Jefferies upgraded BeOne Medicines to Buy from Hold, raising its price target to $380 from $333. The firm also upgraded Deckers Outdoor to Buy with a $130 target and Shopify to Buy with a $160 target.
Truist Financial upgraded Biogen to Buy, citing upcoming clinical data, while HSBC raised Capital One to Buy with a $229 target.

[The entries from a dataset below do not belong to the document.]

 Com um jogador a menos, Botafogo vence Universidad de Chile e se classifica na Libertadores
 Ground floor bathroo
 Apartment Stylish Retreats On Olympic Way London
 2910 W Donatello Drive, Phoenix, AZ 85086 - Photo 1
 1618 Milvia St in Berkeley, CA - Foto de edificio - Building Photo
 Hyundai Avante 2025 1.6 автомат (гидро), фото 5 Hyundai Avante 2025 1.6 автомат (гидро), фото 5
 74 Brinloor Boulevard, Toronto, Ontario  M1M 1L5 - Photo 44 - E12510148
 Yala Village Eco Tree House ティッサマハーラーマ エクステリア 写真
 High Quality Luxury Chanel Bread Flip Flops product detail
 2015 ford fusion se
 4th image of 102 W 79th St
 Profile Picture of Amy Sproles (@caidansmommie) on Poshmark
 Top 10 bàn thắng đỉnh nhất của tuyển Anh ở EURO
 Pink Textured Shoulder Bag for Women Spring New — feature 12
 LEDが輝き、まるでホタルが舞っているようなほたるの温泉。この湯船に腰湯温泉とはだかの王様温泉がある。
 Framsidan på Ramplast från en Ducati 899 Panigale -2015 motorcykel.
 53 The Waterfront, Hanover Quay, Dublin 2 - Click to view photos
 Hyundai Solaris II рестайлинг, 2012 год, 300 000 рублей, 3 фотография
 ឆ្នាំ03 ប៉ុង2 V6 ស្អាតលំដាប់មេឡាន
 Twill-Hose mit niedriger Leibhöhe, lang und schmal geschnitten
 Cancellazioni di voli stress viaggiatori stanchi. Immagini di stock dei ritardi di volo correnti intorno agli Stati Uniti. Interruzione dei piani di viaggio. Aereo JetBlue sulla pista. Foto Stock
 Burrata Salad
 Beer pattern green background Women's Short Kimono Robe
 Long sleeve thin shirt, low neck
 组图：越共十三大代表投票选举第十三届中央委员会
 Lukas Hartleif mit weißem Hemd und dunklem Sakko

Wells Fargo upgraded Humana to Overweight, more than doubling its target price to $502, and initiated coverage of Atmos Energy at Overweight with a $200 target.
Not all research was positive.
Citigroup downgraded ResMed to Neutral from Buy.
Bank of America cut Papa John’s International to Underperform.
Loop Capital lowered Best Buy to Hold, while RBC Capital Markets downgraded Kymera Therapeutics and initiated coverage of Costco Wholesale at Sector Perform with a $1,000 price target.
Commodities, Rates and Volatility
Oil remained the market’s biggest driver.
West Texas Intermediate crude climbed nearly 5%, while Brent crude advanced toward $80 a barrel after the Hormuz threat—a move that, if sustained, would feed directly into gasoline, diesel, freight, manufacturing, and shipping costs worldwide.
Gold unexpectedly declined about 1.2% to roughly $4,064 an ounce, extending its recent retreat after posting its weakest quarter since 2013.
Silver traded near $60 an ounce.
Bitcoin slipped about 1.7% to approximately $62,900.
U.S. Treasury yields moved modestly higher as rising energy prices fueled renewed inflation concerns and reduced expectations for near-term Federal Reserve rate cuts.
The CBOE Volatility Index (VIX) hovered around 15, remaining relatively subdued by historical standards while edging higher as investors monitored developments in the Middle East.
The Week Ahead
Markets now turn to one of the busiest weeks of the quarter.
Federal Reserve Chair Kevin Warsh is scheduled to make his first appearance before Congress on Tuesday, the same day the June Consumer Price Index is released. The Producer Price Index follows Wednesday, while retail sales arrive Thursday.
Together, the reports could reshape expectations for interest rates during the second half of the year as policymakers weigh inflation pressures intensified by rising energy prices.
Corporate earnings also move into full swing with reports from JPMorgan Chase, Goldman Sachs, Citigroup, Wells Fargo, and Bank of America, followed later in the week by Johnson & Johnson, UnitedHealth, Netflix, and Taiwan Semiconductor.
Analysts continue to forecast a second consecutive quarter of earnings growth exceeding 20%, a key pillar supporting U.S. equities despite mounting geopolitical uncertainty.
For all the earnings reports and inflation data ahead, Wall Street’s direction this week may ultimately hinge on a question no balance sheet can answer:
Will oil continue flowing freely through the Strait of Hormuz—or is this the beginning of a broader disruption that reshapes the global economy?